The last was three years ago. The next one should start soon and will involve 40 acres.
A prescribed burn is a planned fire that removes invasive plant species, debris and other unwanted forest lands to clear space for new trees and plants.
"Fire is really great for forested areas to keep them healthy and thriving," said Erin Hilligoss-Volkmannon, director of education and resource management for the park.
The forested area towards the north of the pioneer cemetery, where Lincoln's mother is buried, and a small pasture area on the west side of County Road 300 East will be burned.
Here are some details about the plan:
When do they plan to set the fires at Lincoln Boyhood National Memorial?
The fires should take place during late March and April.
How did park officials choose which areas to burn?
They chose the north side area because trees there are around three years old, a sufficient age to withstand the burn.

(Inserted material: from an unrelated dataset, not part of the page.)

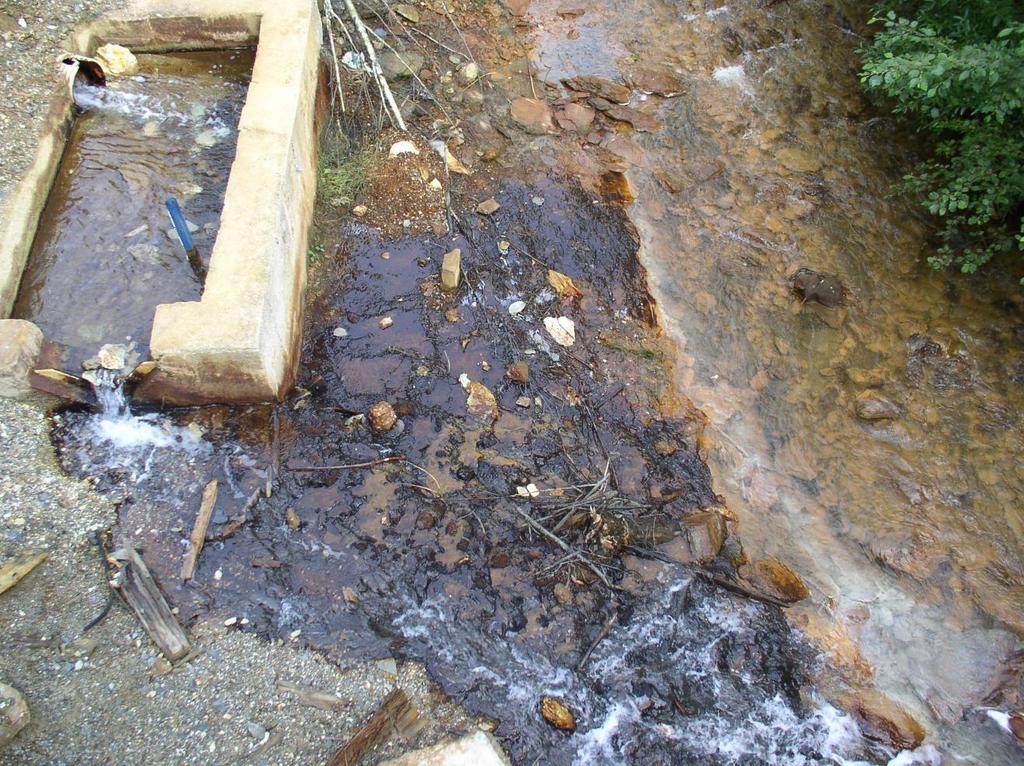 Nová drenáž SM2 Najvýraznejší a trvalý zdroj znečistenia potoka Smolník. Obsah kovov vo vode je niekoľkonásobne vyšší ako v nekontaminovanej časti potoka.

That way, workers can knock off some of the debris, restore native hickory and oak trees, and natural competition in that area.
How do workers start and monitor the fires?
Fire managers from the Indiana Dunes National Park will ignite and monitor the fire with drip torches so they can keep the fires low and controlled.
What effect does this have on plants and wildlife?
It rejuvenates the forest and gets nutrients back into the soil to promote the healthy growth of vegetation.
Working with the Fish and Wildlife Service, the park has determined that they have until April 15 to burn its designated areas because afterward, it would affect the bat population coming out of hibernation.